■ **TASK STATEMENT**
Look through the listing below and write out exactly the lines from the line with "1FA6P8CF9R5422553 2024 FORD" to the line with "奇台江布拉克景區-天山麥海照片", both included, and no others.

■ **DATA RECORDS**
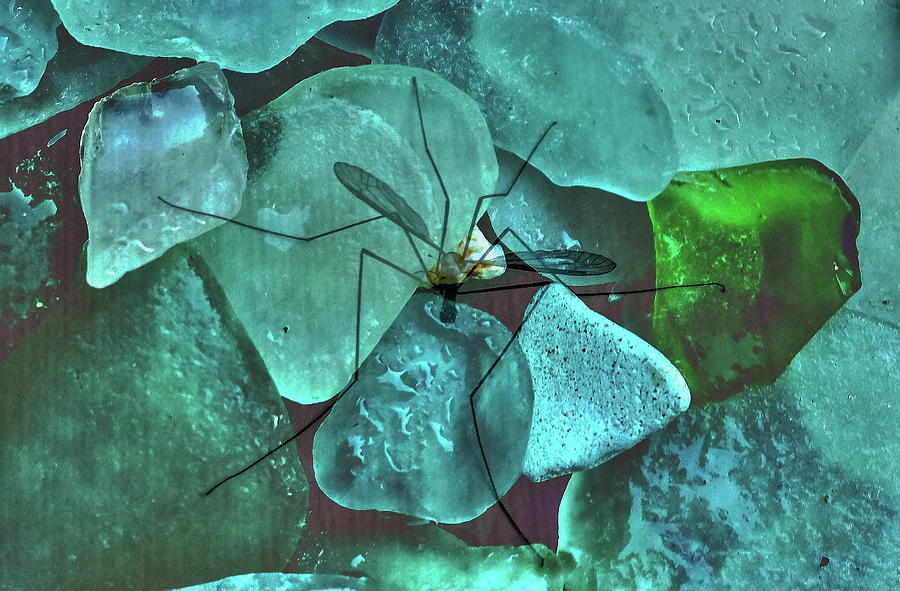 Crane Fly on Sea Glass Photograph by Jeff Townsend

--

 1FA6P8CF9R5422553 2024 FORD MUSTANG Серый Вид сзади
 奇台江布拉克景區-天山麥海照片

---

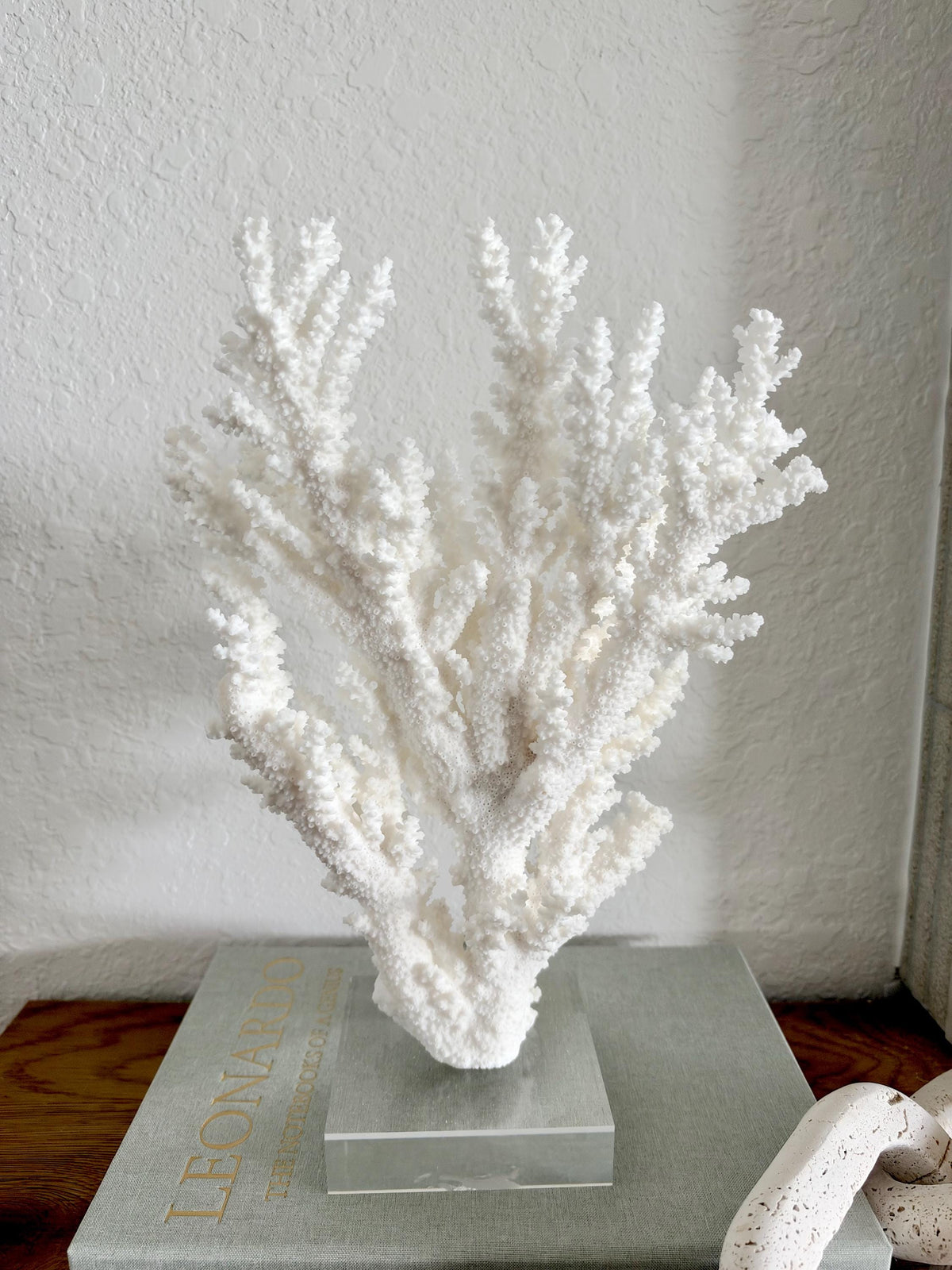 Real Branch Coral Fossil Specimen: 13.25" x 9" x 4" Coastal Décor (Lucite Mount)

■ **EXERCISE RESPONSE**
 1FA6P8CF9R5422553 2024 FORD MUSTANG Серый Вид сзади
 奇台江布拉克景區-天山麥海照片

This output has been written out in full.